▶ [Task item]: Take the lines below between the one holding "Creepy Bird With" and the one holding "Моделирование женского тела", inclusive, and copy them exactly. Add nothing.

Stored items from a collection:
○ ○ ○ ○ ○

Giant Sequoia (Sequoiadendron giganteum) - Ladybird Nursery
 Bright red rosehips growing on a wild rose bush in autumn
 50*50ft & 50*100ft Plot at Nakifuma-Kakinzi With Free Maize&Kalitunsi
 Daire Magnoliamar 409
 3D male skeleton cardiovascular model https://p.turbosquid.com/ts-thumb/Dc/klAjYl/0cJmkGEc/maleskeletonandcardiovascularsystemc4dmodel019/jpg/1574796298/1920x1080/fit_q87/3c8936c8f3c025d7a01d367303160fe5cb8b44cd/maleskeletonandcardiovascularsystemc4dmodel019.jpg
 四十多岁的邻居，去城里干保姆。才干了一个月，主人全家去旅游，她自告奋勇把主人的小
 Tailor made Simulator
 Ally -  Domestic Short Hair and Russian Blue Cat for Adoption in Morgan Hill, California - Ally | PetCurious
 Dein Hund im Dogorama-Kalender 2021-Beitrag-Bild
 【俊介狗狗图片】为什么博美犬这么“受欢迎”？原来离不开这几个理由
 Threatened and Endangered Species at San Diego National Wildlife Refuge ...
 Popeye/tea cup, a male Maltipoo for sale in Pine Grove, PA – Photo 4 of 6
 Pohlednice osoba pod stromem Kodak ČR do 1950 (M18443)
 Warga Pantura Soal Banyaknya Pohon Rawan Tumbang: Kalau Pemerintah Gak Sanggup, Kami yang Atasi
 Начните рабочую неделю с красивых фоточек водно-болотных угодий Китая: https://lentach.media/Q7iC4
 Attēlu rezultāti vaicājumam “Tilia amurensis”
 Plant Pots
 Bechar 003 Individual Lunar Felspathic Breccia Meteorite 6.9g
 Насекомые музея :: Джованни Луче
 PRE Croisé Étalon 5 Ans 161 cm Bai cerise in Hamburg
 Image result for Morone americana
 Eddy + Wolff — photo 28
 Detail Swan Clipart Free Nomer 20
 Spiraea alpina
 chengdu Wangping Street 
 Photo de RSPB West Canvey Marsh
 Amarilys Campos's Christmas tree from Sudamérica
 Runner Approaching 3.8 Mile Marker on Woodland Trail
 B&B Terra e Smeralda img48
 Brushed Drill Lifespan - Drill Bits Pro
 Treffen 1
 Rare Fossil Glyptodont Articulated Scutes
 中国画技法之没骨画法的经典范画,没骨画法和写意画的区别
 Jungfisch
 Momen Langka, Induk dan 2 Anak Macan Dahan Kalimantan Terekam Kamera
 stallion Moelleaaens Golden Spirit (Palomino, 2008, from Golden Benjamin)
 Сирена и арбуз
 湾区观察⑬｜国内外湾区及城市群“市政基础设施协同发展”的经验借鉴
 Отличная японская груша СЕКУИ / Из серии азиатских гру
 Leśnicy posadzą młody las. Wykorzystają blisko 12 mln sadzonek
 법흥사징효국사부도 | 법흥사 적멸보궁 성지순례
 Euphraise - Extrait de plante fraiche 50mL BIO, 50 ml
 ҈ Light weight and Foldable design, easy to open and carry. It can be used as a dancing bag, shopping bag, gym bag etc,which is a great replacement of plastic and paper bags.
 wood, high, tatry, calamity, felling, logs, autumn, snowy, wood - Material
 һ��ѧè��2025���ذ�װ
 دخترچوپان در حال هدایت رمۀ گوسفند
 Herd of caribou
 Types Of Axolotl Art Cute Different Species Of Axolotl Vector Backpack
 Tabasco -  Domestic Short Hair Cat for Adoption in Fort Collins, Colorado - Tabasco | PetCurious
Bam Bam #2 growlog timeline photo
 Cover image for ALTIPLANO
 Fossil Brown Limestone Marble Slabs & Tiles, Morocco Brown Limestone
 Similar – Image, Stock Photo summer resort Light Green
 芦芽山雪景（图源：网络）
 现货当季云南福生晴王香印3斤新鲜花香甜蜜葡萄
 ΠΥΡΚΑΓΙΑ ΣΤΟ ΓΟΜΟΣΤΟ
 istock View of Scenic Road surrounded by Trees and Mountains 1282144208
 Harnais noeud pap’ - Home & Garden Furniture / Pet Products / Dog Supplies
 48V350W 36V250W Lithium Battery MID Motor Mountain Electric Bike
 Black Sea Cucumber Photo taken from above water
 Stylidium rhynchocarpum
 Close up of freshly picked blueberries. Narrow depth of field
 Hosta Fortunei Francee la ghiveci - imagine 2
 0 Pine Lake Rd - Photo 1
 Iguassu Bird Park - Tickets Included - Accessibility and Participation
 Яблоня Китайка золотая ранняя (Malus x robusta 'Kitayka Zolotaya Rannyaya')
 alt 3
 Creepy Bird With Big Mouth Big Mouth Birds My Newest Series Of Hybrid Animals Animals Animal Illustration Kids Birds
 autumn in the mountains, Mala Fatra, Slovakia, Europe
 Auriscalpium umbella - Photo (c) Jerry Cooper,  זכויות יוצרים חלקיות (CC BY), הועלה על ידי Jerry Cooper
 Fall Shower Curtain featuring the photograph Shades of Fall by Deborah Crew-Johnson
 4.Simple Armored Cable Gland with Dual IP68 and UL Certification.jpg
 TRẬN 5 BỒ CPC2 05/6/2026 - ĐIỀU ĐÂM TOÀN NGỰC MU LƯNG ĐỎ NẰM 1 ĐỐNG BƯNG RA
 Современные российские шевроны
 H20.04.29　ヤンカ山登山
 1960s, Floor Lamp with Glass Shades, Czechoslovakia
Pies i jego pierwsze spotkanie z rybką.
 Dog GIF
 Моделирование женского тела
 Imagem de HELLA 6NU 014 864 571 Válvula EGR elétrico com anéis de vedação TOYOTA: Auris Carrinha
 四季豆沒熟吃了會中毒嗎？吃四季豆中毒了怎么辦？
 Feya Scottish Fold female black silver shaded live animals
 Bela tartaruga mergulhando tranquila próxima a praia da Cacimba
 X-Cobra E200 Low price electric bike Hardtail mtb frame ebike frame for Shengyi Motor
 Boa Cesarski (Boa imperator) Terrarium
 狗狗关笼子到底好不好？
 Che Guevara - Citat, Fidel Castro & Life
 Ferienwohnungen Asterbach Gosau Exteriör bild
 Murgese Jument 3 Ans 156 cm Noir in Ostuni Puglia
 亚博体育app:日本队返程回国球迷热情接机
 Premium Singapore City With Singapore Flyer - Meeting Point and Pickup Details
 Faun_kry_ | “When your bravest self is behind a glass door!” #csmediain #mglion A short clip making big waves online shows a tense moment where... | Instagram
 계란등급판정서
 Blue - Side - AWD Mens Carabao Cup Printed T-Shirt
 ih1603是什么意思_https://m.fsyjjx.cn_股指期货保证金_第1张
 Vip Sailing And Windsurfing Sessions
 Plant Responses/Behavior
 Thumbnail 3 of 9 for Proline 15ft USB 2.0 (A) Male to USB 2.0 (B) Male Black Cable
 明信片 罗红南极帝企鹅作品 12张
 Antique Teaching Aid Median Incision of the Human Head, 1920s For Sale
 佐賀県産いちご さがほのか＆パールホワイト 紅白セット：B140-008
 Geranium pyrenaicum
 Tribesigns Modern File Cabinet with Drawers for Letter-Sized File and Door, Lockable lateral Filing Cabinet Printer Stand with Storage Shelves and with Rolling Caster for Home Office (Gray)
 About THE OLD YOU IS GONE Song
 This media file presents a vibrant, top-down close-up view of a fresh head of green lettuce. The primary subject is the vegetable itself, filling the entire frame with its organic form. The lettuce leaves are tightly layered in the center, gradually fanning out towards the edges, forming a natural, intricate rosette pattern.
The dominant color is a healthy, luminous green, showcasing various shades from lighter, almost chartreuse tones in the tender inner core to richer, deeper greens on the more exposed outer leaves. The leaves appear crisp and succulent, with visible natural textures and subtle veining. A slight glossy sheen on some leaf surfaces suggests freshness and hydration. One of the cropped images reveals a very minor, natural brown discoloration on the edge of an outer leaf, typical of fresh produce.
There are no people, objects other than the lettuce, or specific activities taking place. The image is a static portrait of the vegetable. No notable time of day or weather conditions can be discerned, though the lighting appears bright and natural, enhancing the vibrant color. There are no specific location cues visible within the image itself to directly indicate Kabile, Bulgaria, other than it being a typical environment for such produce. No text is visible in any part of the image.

○ ○ ○ ○ ○

▶ [Output of the task]:
 Creepy Bird With Big Mouth Big Mouth Birds My Newest Series Of Hybrid Animals Animals Animal Illustration Kids Birds
 autumn in the mountains, Mala Fatra, Slovakia, Europe
 Auriscalpium umbella - Photo (c) Jerry Cooper,  זכויות יוצרים חלקיות (CC BY), הועלה על ידי Jerry Cooper
 Fall Shower Curtain featuring the photograph Shades of Fall by Deborah Crew-Johnson
 4.Simple Armored Cable Gland with Dual IP68 and UL Certification.jpg
 TRẬN 5 BỒ CPC2 05/6/2026 - ĐIỀU ĐÂM TOÀN NGỰC MU LƯNG ĐỎ NẰM 1 ĐỐNG BƯNG RA
 Современные российские шевроны
 H20.04.29　ヤンカ山登山
 1960s, Floor Lamp with Glass Shades, Czechoslovakia
Pies i jego pierwsze spotkanie z rybką.
 Dog GIF
 Моделирование женского тела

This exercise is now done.